Enquanto isso, o transporte irregular de passageiros segue livremente nas ruas. A reportagem do Correio flagrou, na tarde de ontem, sete piratas que ofereciam viagens na plataforma superior da Rodoviária do Plano Piloto. O grupo não se intimidava sequer com as caminhonetes do Batalhão de Policiamento de Trânsito da PM (BPTran), que circulavam pelo local sem parar os carros dos infratores. Em poucos minutos, os motoristas reuniam passageiros e partiam com um dos veículos. Pouco depois, um segundo grupo já estava no local e o motorista encostava o automóvel para buscá-los. Os clandestinos se revezavam, levando e trazendo passageiros da Asa Norte, de Sobradinho e de Planaltina.

Poucas alternativas
Sebastião Guedes, morador de Arapoanga, que faz curso de vigilante no Plano Piloto diariamente há quase dois meses, assume que se arrisca “com frequência” a pegar carona nos carros que fazem o transporte ilegal de passageiros. Segundo ele, de ônibus, além da espera na parada e do excesso de usuários, a demora é de quase duas horas para ir de Planaltina ao Plano e outras duas para voltar para casa. “Além disso, muitas vezes, se eu não pegar o transporte pirata, não chego no meu curso, ou então me atraso. Mas reconheço que é perigoso. Quando (o transporte) é regularizado, sabemos que os motoristas são treinados e habilitados. No transporte pirata, isso não acontece”, ponderou.

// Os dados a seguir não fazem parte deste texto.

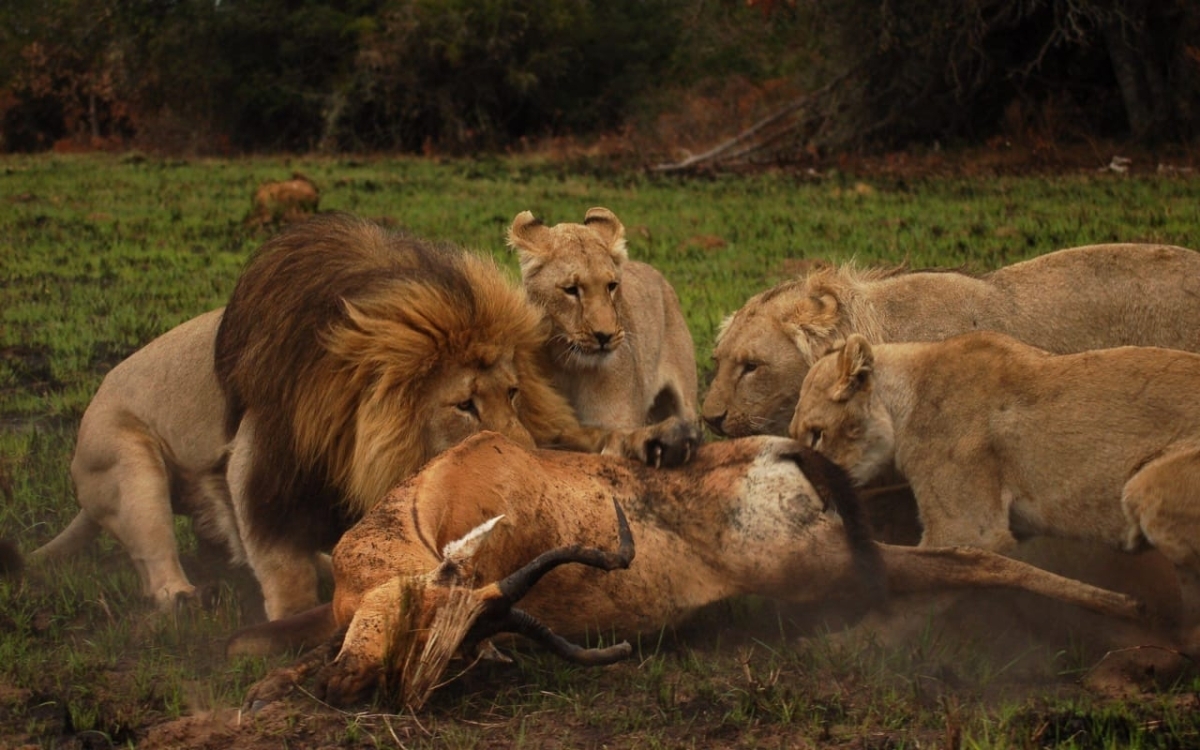 Schotia Safari Day Tour from Port Elizabeth | Big 5 Experience 1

A gerente Maria Alaíde de Sousa, 30 anos, moradora de Planaltina, concorda com Sebastião. Segundo ela, quando está muito cansada, acaba optando por voltar para casa com piratas. “É mais rápido. Ganho tempo. Eu penso no perigo que estou correndo, mas eles dão a agilidade que a gente queria no transporte público”, disse.

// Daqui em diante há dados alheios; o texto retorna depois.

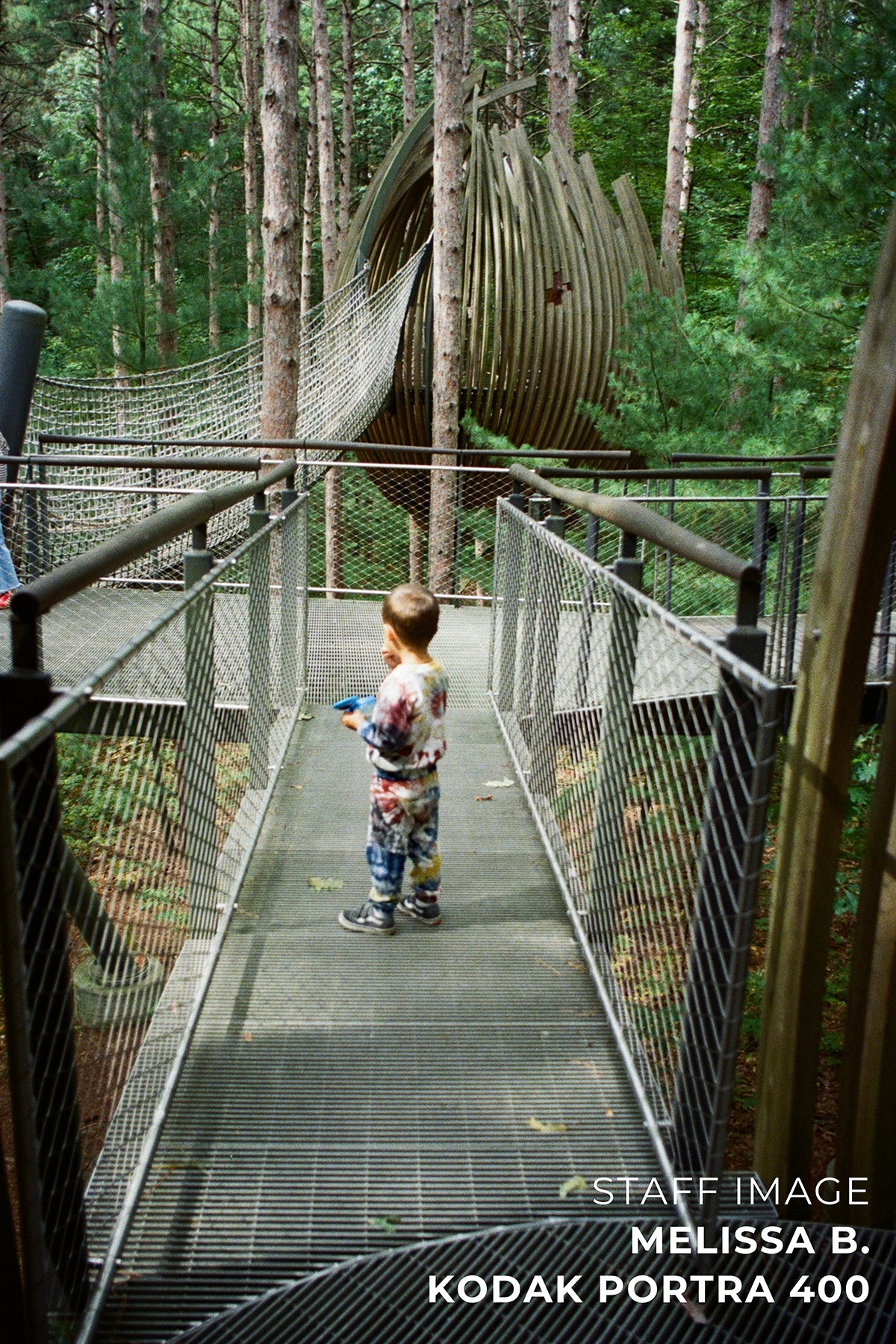 Kodak PORTRA 400 Color 35mm 36EXP - Box (5 Rolls)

O chefe operacional do BPTran, major Sérgio Robalo, explica que a PM não parou de fiscalizar os veículos piratas e que ainda apoia as operações do DFTrans, ainda que a polícia só aplique multas segundo o Código de Trânsito Brasileiro. “Quando trabalhamos em conjunto, a PM faz a abordagem e eles multam. A multa do CTB, realmente, é bem mais branda. Acredito que deveria haver uma alteração no próprio código para tornar mais severa a punição contra quem faz transporte pirata. Uma estratégia que adotamos foi, além de punir como somos autorizados, fazer uma vistoria rigorosa e aplicar outras autuações se encontramos irregularidades”, explicou o major. Procurada, a assessoria de imprensa do Detran disse apenas que continua com as operações de combate ao transporte pirata.

Segundo o diretor operacional do DFTrans, Ricardo Leite, a PM e o Detran teriam parado de multar de acordo com a lei distrital por conta dos questionamentos judiciais, e não por conta do fim do convênio. “Na minha opinião, há uma confusão no judiciário do que seria trânsito e do que seria transporte. A lei se refere a uma fraude no sistema de transporte, enquanto o código trata de uma infração de trânsito”, afirma. “A brandura do CTB causa uma sensação de impunidade. O convênio será refeito em breve. Estamos prestando contas sobre os gastos com o que foi arrecadado com as multas”, disse.